Copy task, pictures excluded: set down exactly the lines from the one containing "DUBSDREAD HEIGHTS - Residential" to the end of the data below.

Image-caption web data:
::::

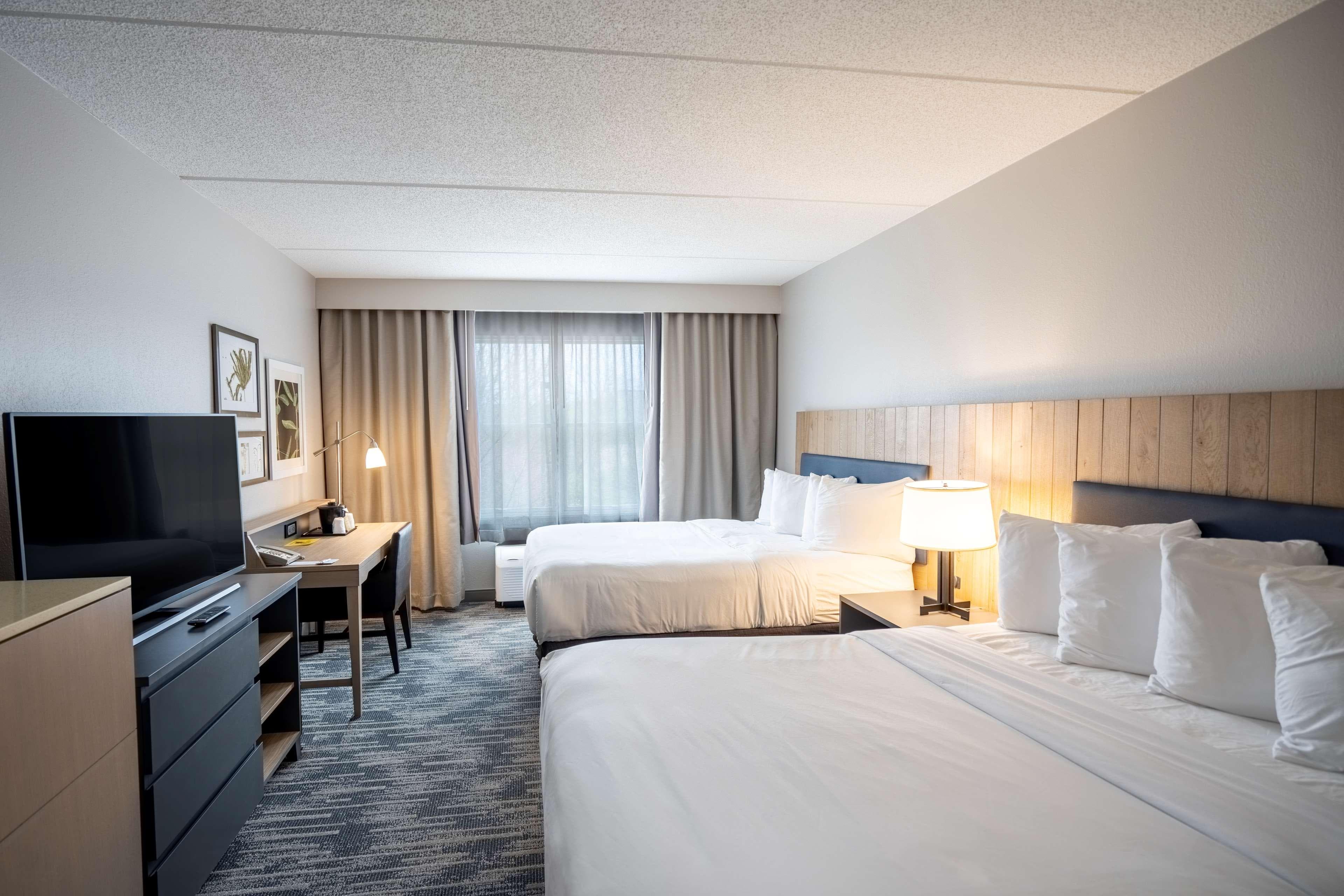 Country Inn & Suites by Radisson, State College (Penn State Area), PA — 10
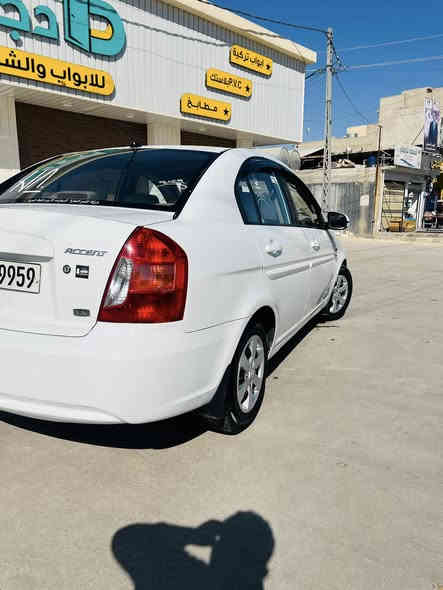 اكسنت للبيع مديل 2010 اوتماتيك جام كهرب تبريد تدفئه محرك 16 شرط ضرر تبديل بابين النفر) ‭0751 881 9475‬
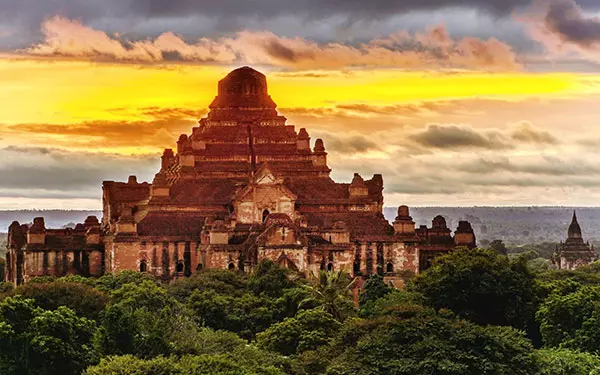 kinh-nghiem-du-lich-bagan-myanmar-vung-dat-cua-mat-troi-4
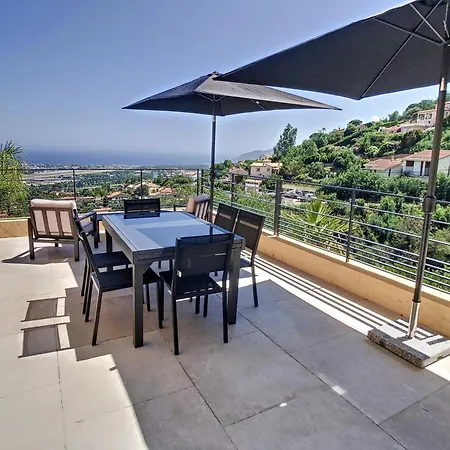Amazing Sea View Near Cannes, Pool, 5 Bedrooms, 4 Bathrooms Villa *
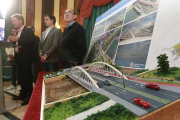 Un momento de la presentación del proyecto, ayer, con la maqueta del nuevo puente en primer plano y en segundo los representantes políticos.-RAÚL G. OCHOA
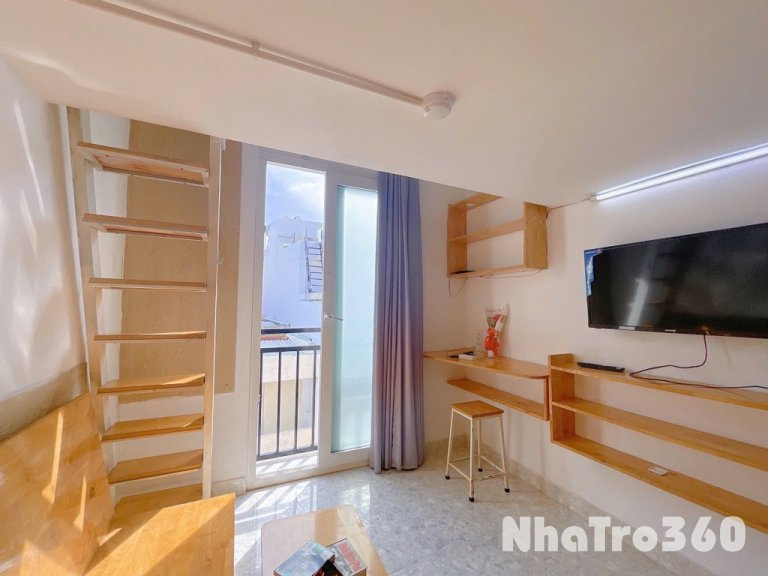 Duplex Ban Công 30m2 ngay Vòng Xoay Lê Văn Sỹ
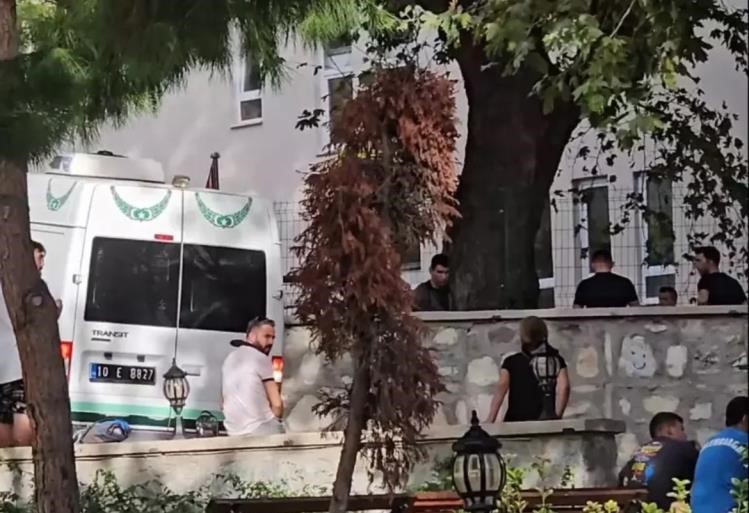 Marmara Adası’nda kıskançlık cinayeti Balıkesir’in Marmara ilçesinde, RoRo işletmecisi Selçuk A. (42), 1 yıl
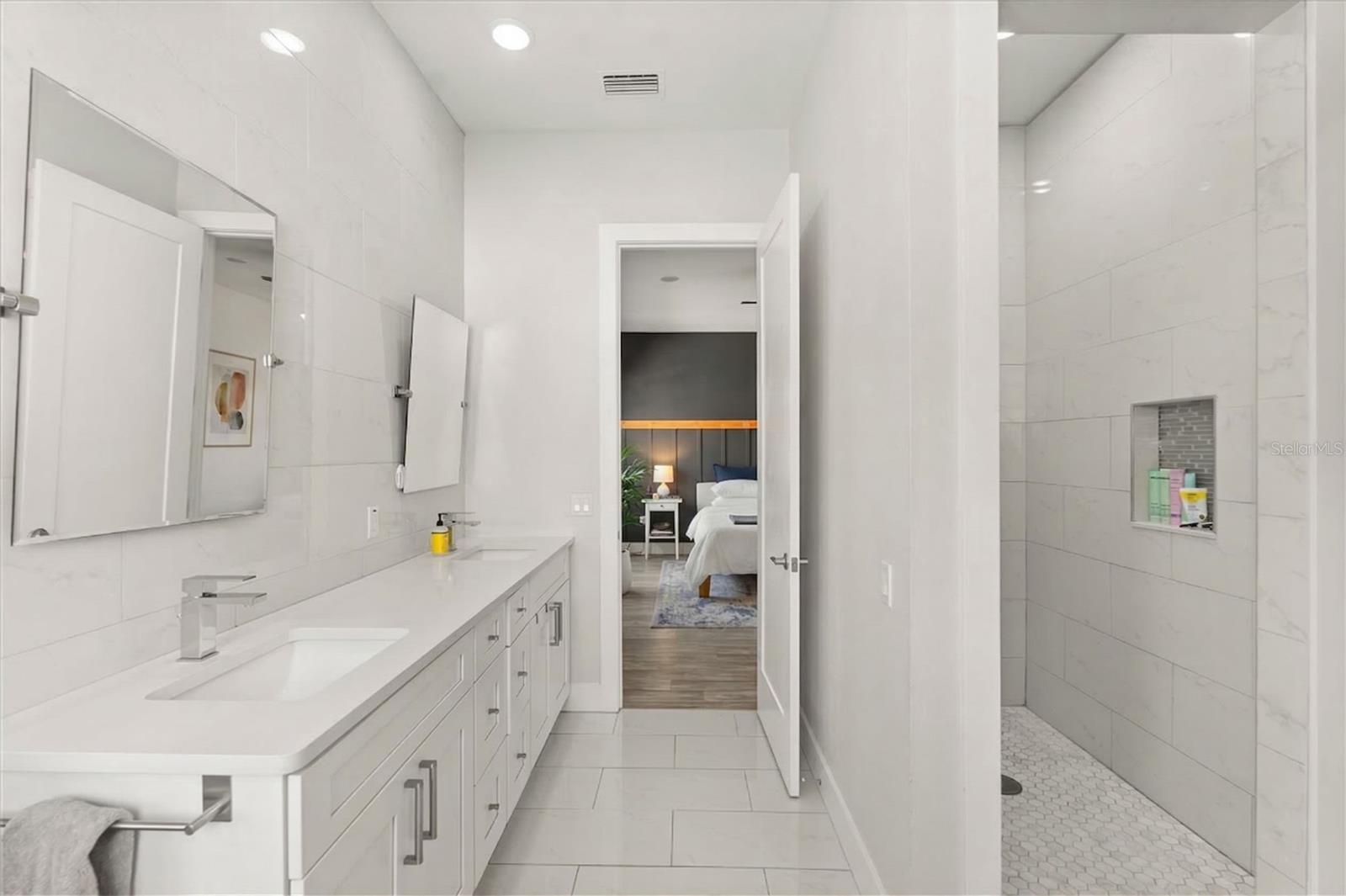 DUBSDREAD HEIGHTS - Residential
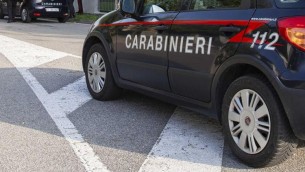 Convocato a scuola per il figlio aggredisce insegnante: "La famiglia non va disturbata"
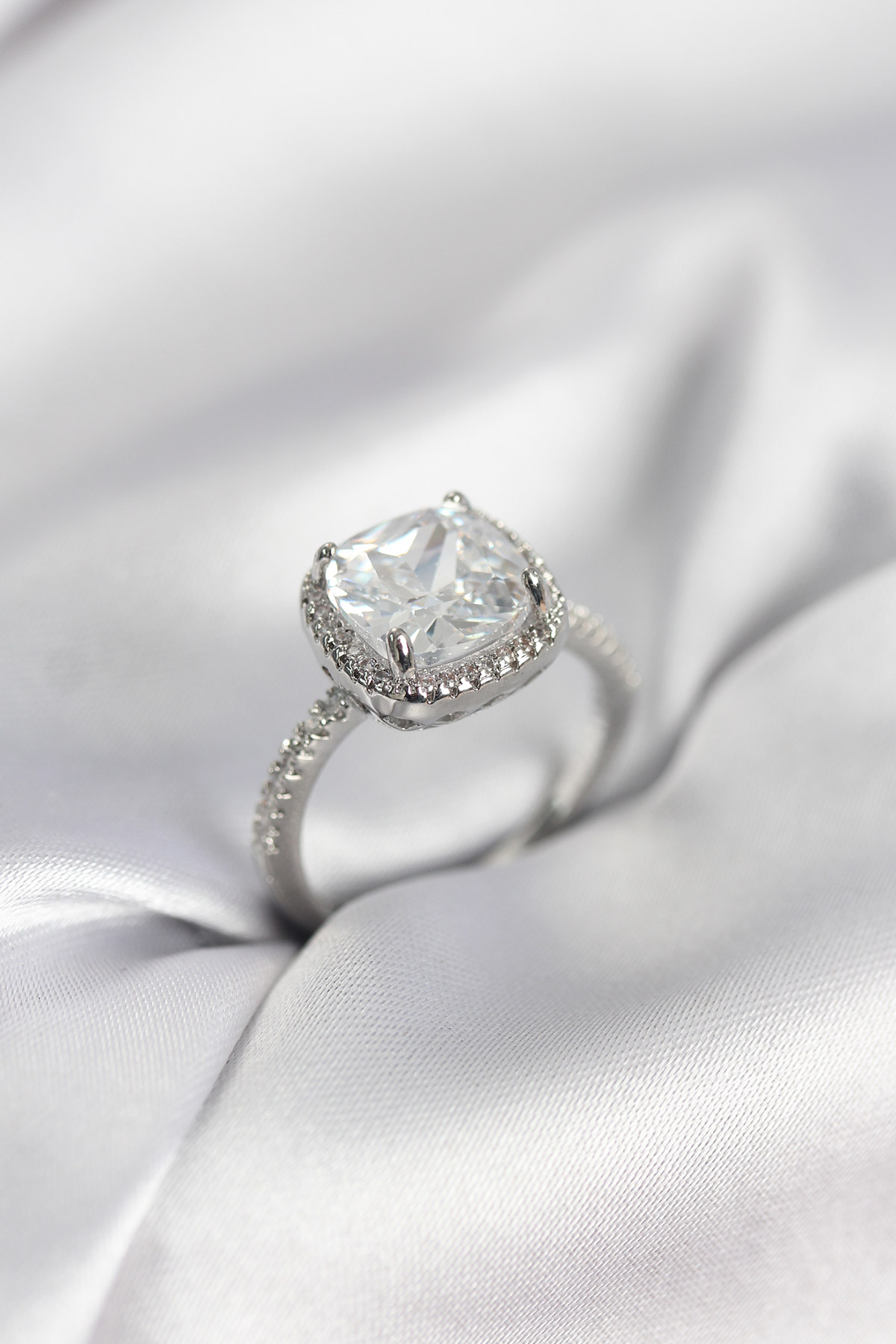 Kare Tek Taş Model Zirkon Taşlı Gümüş Renk Kadın Yüzük - Lisinya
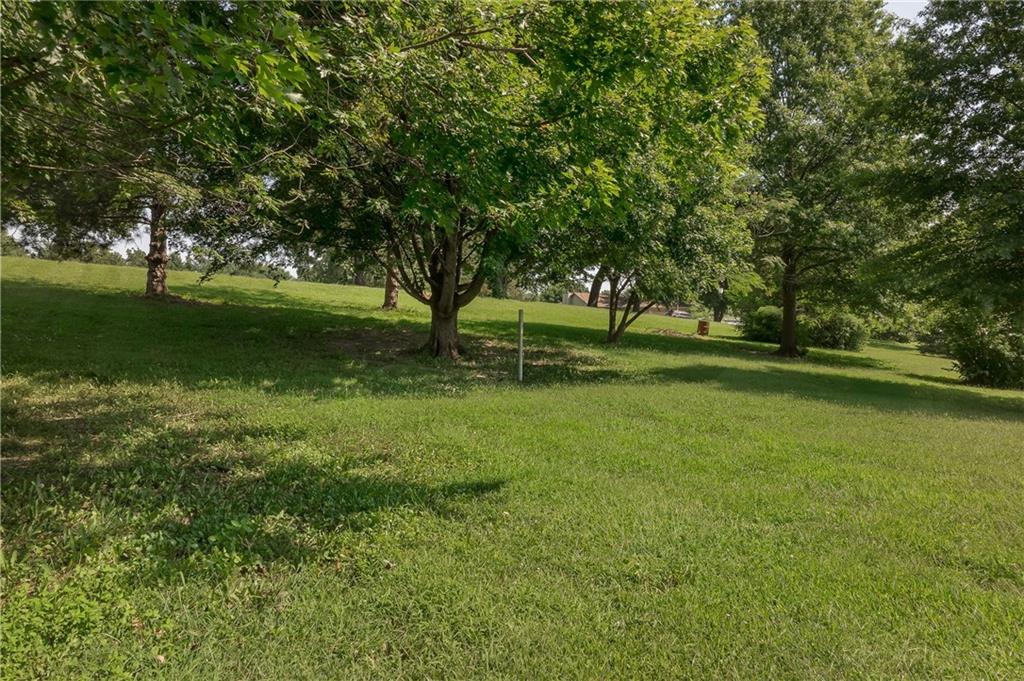 3rd image of 5 Se Hilltop Terrace Rd, St Joseph, MO 64507 | MLS# 2632741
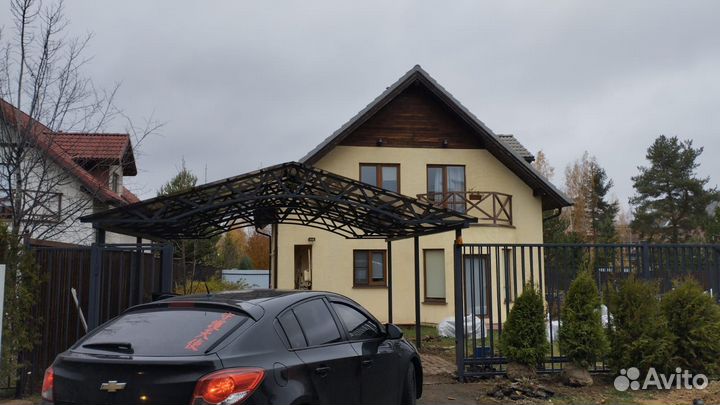 Навесы из поликарбоната для парковки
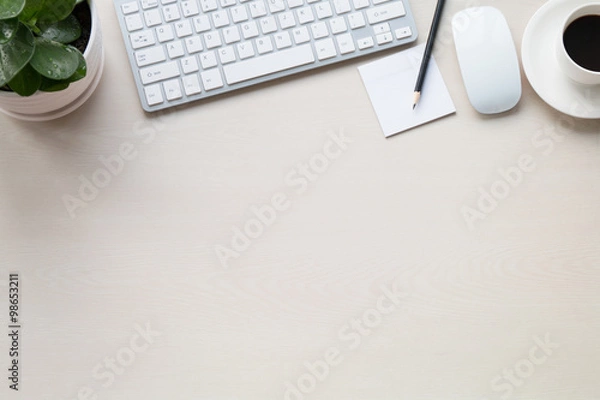 Obraz Zapasy biurowe na drewnianym biurku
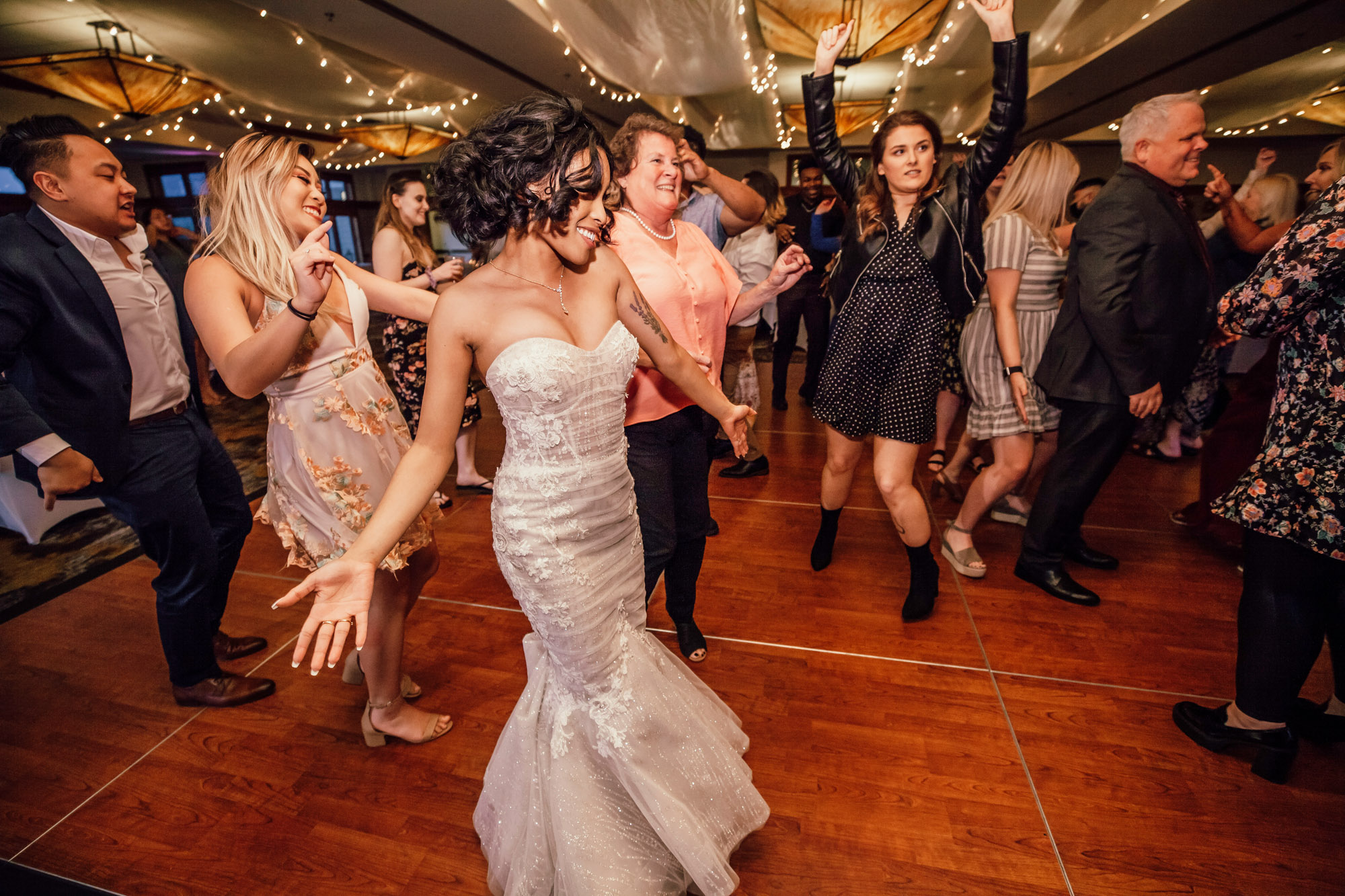 The Club at Snoqualmie Ridge wedding by Snoqualmie Wedding Photographer James Thomas Long Photography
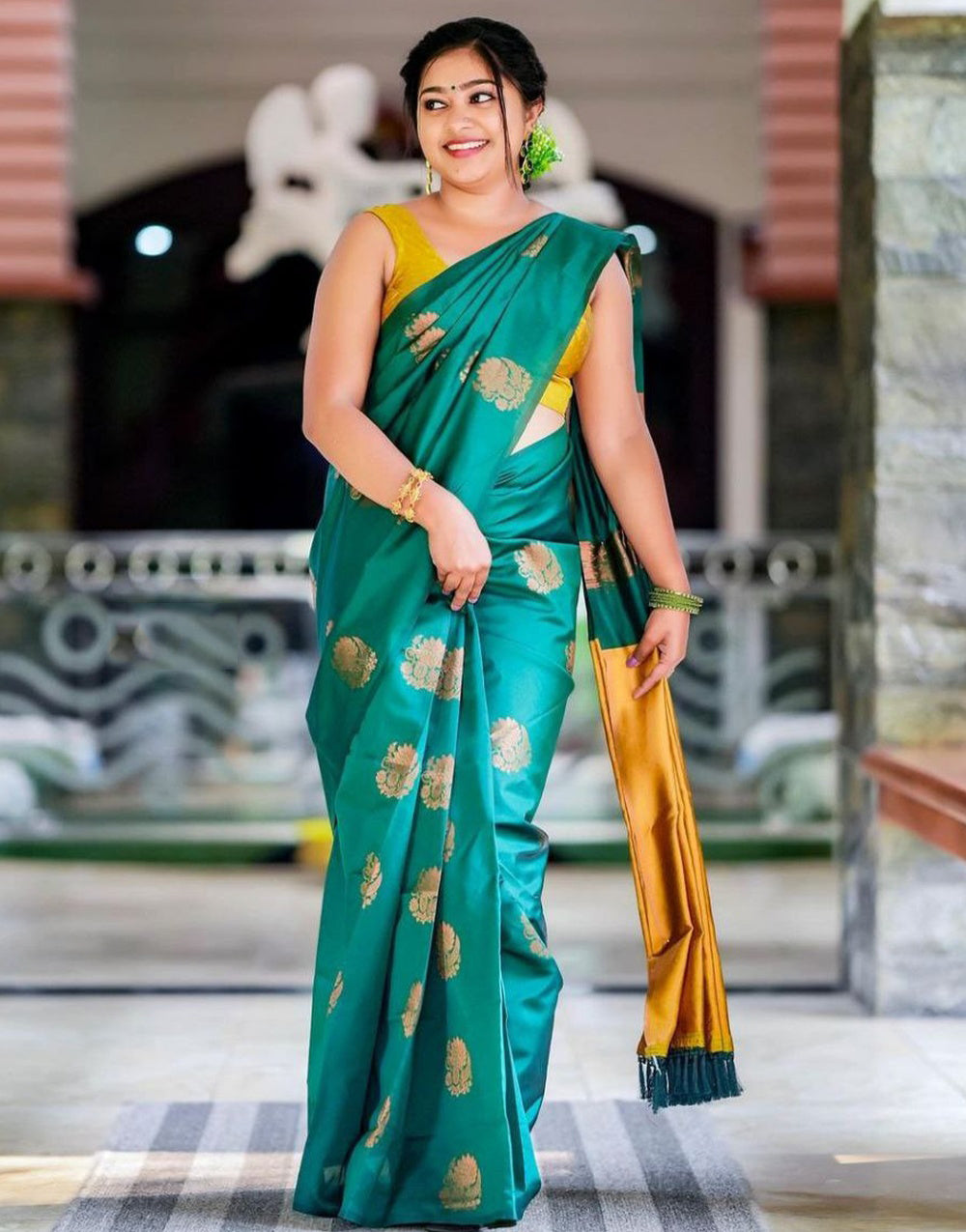 Rama Green Soft Lichi Silk Saree With Zari Weaving Work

::::

● Exercise solution
 DUBSDREAD HEIGHTS - Residential
 Convocato a scuola per il figlio aggredisce insegnante: "La famiglia non va disturbata"
 Kare Tek Taş Model Zirkon Taşlı Gümüş Renk Kadın Yüzük - Lisinya
 3rd image of 5 Se Hilltop Terrace Rd, St Joseph, MO 64507 | MLS# 2632741
 Навесы из поликарбоната для парковки
 Obraz Zapasy biurowe na drewnianym biurku
 The Club at Snoqualmie Ridge wedding by Snoqualmie Wedding Photographer James Thomas Long Photography
 Rama Green Soft Lichi Silk Saree With Zari Weaving Work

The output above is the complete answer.